Namun kegigihannya bertani padi organik, membuahkan hasil yang memuaskan. Kini, dalam satu musim, Yusup bisa mengantongi uang sebanyak Rp24,9 juta dari semula hanya Rp9,6 juta saat bertani konvensional.
Senior Manager Communication PT Vale Indonesia, Bayu Aji, mengatakan, pihaknya terus mendorong petani beralih ke organik. Hal itu dilakukan dengan berupaya mengubah mindset.
“Kenapa lebih baik beralih ke organik, salah satunya karena secara ekonomis beras organik lebih mahal, juga karena terkadang saat tidak punya uang, pupuk kimia ini menjadi hambatan petani dalam memulai menanam padi. Sehingga mereka terpaksa meminjam uang untuk beli pupuk,” katanya.
Selain transfer ilmu kepada petani binaan, melalui pelatihan, pendampingan dan monitoring evaluasi yang dilakukan sejak 2016, Vale juga memberikan bantuan berupa mesin pencacah kompos (chopper), mesin penyiangan, mesin panen (combine) sebanyak tiga unit, pembangunan lantai jemur, satu unit oven gabah dan satu bangunan gudang.
Sebagai bentuk keseriusan dalam mendampingi petani organik, PT Vale juga membantu menfasilitasi penyediaan legalitas produk.

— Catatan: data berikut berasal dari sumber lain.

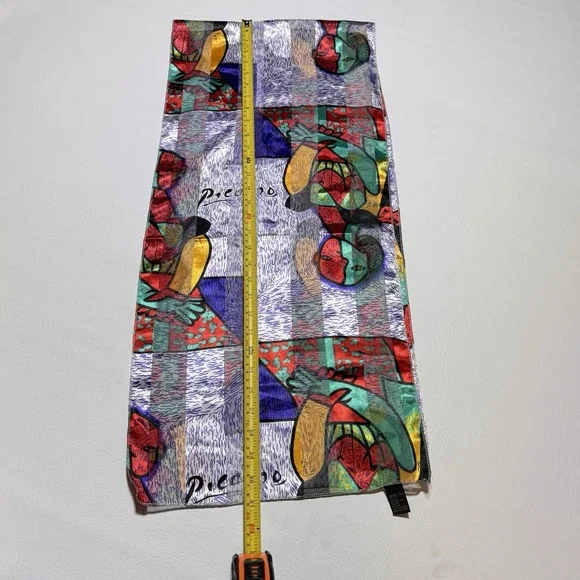 VTG Silk Feeling‎ Picasso Art Style Abstract Striped Fashion Scarf Artsy Funky - Picture 2 of 4
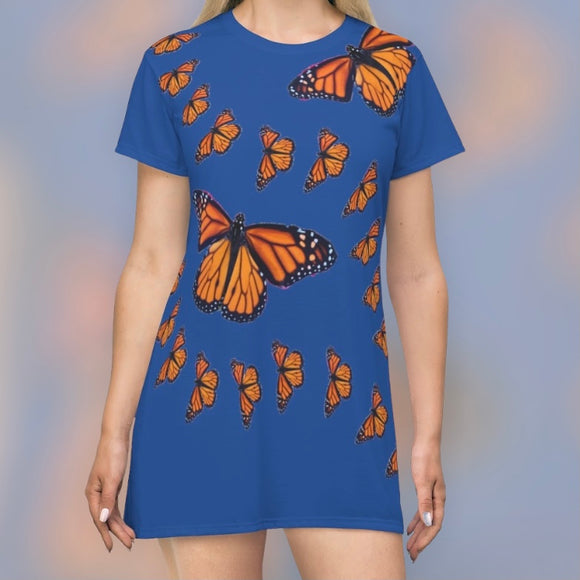 Monarch Butterfly  Print T-Shirt Dress FREE SHIPPING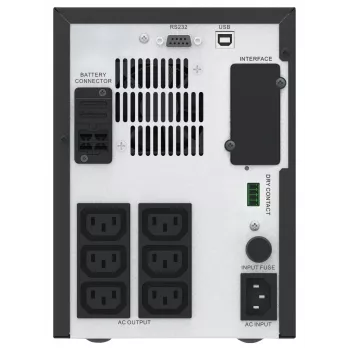 APC Easy UPS 1 Ph Line Interactive, 1500VA, Tower, 230V, 6 saídas IEC C13, AVR, contacto livre de potencial, LCD, sem suporte para placa de rede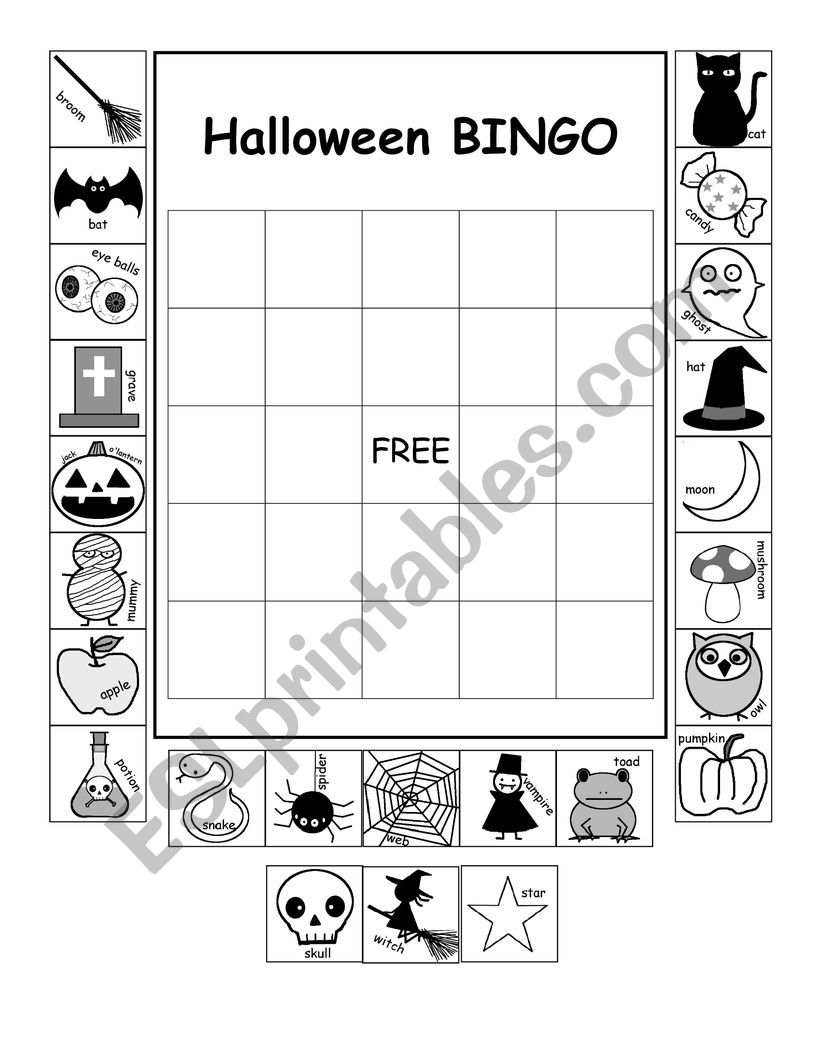 Make your own Halloween BINGO cards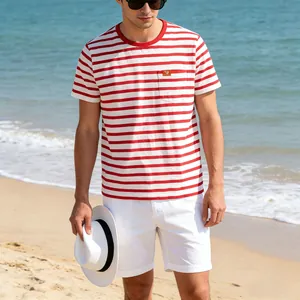 Men's casual red and white striped summer t-shirt with chest pocket detail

Saat ini, keseluruhan lahan sudah tersertifikasi Inofice (Lembaga Sertifikasi Pangan Organik).
Dari hasil uji laboratorium menunjukkan produk beras SRI organik tidak menyisakan residu kimia, sehingga aman dikonsumsi oleh tubuh.
Dalam penguatan produk, agar beras SRI organik dapat dikenal dan diterima masyarakat, Vale juga terus-menerus menyosialisasikan manfaat mengkomsumsi beras organik untuk kesehatan, serta mendorong promosi melalui event yang dilaksanakan oleh Vale, pemerintah daerah dan beberapa pameran di tingkat regional.